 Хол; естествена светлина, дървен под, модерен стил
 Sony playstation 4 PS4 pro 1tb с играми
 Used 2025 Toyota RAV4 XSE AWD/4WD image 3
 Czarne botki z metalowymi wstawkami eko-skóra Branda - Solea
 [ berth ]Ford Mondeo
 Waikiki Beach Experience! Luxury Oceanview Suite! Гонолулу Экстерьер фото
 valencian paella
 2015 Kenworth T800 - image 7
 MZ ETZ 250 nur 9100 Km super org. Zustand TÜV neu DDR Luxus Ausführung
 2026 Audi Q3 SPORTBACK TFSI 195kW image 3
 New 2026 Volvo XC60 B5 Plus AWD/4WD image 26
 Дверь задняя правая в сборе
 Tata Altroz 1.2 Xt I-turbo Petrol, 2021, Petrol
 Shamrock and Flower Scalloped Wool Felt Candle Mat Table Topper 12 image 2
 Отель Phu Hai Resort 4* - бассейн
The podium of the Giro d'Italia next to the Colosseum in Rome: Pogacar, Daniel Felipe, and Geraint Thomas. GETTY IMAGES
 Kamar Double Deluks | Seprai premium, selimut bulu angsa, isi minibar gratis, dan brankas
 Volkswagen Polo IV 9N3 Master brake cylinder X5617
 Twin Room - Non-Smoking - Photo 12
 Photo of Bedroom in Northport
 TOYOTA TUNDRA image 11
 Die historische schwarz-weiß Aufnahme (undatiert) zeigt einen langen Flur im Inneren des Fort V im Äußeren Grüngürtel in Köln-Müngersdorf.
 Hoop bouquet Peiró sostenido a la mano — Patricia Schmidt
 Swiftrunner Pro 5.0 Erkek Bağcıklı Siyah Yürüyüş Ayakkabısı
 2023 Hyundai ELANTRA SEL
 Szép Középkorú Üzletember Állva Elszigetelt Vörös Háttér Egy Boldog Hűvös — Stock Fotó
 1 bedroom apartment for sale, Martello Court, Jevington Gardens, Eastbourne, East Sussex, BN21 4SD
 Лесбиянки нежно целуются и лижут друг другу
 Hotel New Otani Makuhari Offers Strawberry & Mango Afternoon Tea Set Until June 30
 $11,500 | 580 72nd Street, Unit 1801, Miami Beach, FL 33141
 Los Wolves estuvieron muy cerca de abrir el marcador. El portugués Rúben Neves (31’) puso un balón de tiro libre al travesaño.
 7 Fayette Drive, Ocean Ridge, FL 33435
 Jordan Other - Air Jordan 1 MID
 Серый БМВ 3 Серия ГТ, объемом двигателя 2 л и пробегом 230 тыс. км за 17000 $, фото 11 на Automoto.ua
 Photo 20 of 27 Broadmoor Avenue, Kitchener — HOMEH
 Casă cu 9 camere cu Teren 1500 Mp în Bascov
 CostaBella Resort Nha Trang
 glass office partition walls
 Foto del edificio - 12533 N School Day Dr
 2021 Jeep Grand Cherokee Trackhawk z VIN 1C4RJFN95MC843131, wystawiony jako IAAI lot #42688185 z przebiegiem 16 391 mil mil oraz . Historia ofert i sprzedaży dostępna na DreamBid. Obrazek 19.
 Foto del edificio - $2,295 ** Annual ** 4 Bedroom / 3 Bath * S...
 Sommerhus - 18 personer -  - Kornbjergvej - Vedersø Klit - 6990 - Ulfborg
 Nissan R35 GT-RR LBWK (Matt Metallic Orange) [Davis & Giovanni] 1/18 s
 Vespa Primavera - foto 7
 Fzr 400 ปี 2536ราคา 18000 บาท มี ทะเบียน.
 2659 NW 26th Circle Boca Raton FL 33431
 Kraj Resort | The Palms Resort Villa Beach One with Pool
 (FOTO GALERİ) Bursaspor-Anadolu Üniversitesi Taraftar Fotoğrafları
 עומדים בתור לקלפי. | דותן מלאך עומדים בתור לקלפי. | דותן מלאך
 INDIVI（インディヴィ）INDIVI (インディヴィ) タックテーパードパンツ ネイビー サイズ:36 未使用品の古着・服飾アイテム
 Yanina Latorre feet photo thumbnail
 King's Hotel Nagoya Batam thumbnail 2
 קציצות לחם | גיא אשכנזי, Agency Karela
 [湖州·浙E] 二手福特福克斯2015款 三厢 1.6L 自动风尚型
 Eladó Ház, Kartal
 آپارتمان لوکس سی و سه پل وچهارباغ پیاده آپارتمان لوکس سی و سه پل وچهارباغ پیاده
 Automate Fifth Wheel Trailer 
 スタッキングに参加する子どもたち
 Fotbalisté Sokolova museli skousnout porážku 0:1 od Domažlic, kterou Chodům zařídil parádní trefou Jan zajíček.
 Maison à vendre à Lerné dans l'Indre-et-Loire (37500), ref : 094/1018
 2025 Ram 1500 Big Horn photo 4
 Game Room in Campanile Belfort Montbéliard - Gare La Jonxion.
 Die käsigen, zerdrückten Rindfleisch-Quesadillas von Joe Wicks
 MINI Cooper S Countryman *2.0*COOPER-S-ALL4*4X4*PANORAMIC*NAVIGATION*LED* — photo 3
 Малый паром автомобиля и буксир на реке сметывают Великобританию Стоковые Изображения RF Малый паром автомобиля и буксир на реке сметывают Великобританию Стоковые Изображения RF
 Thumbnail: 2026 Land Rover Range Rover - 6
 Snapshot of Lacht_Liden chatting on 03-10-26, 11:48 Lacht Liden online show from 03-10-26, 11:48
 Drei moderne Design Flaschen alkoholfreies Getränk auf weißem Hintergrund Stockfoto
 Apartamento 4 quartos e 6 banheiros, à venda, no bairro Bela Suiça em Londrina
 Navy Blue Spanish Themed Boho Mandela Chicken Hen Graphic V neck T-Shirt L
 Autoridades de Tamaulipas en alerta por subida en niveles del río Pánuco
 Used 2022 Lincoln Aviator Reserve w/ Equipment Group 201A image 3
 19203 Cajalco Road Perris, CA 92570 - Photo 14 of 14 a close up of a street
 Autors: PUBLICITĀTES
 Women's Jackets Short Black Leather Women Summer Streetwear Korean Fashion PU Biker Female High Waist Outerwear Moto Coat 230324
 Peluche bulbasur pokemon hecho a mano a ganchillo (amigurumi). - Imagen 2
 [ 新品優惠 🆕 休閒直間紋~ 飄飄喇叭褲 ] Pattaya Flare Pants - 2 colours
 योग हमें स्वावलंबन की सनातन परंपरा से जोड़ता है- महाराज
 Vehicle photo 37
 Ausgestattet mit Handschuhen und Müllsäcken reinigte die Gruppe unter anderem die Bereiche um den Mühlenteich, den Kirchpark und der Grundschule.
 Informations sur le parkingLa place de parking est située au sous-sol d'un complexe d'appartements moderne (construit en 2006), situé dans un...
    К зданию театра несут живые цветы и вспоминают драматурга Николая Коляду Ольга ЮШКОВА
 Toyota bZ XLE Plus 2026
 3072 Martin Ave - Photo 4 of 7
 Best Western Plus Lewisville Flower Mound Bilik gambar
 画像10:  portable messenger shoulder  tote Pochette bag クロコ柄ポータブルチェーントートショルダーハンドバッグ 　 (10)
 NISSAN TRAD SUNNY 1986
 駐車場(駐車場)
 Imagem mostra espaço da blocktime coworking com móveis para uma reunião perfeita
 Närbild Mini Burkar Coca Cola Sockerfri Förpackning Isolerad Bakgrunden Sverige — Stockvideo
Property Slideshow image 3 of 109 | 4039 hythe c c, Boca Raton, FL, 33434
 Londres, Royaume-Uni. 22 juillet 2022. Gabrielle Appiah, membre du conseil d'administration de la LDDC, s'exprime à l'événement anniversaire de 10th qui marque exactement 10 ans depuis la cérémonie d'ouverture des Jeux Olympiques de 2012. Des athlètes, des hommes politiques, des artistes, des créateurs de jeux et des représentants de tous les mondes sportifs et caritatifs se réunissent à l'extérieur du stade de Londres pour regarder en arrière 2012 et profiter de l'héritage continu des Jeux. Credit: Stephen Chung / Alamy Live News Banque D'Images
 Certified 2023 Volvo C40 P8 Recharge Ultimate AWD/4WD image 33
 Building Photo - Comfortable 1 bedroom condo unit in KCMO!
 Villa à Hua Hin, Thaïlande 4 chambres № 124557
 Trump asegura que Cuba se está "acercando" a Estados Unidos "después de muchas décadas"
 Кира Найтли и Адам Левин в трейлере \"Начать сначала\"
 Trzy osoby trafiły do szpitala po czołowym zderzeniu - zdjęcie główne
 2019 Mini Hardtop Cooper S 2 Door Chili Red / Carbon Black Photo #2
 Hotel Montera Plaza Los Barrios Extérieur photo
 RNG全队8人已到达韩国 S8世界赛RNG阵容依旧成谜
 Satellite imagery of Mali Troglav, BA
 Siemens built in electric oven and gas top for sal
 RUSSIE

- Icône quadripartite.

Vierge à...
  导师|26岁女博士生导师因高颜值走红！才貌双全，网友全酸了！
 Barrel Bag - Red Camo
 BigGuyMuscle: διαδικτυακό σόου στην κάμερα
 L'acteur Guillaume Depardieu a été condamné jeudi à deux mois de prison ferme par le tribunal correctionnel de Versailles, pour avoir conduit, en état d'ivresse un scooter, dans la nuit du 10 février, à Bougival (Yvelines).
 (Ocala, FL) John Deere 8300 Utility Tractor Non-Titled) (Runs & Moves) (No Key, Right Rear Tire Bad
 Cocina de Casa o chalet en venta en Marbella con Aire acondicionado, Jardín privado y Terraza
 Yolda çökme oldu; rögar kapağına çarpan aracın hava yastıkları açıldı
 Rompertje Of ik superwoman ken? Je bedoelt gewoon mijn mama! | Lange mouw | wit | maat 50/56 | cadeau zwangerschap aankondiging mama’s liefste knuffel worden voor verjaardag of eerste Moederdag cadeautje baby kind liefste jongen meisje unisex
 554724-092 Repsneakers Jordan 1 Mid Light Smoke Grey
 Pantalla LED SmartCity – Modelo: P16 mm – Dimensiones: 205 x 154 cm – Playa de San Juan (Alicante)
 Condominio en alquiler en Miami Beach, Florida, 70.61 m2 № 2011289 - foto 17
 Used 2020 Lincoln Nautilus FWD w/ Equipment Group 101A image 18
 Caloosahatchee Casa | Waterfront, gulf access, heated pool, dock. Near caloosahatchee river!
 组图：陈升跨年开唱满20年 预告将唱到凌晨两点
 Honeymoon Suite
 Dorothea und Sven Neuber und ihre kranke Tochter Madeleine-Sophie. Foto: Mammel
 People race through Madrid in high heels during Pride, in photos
================
### Required work
Copy every line of the records above that holds the word "edificio".

### Exercise answer
 Foto del edificio - 12533 N School Day Dr
 Foto del edificio - $2,295 ** Annual ** 4 Bedroom / 3 Bath * S...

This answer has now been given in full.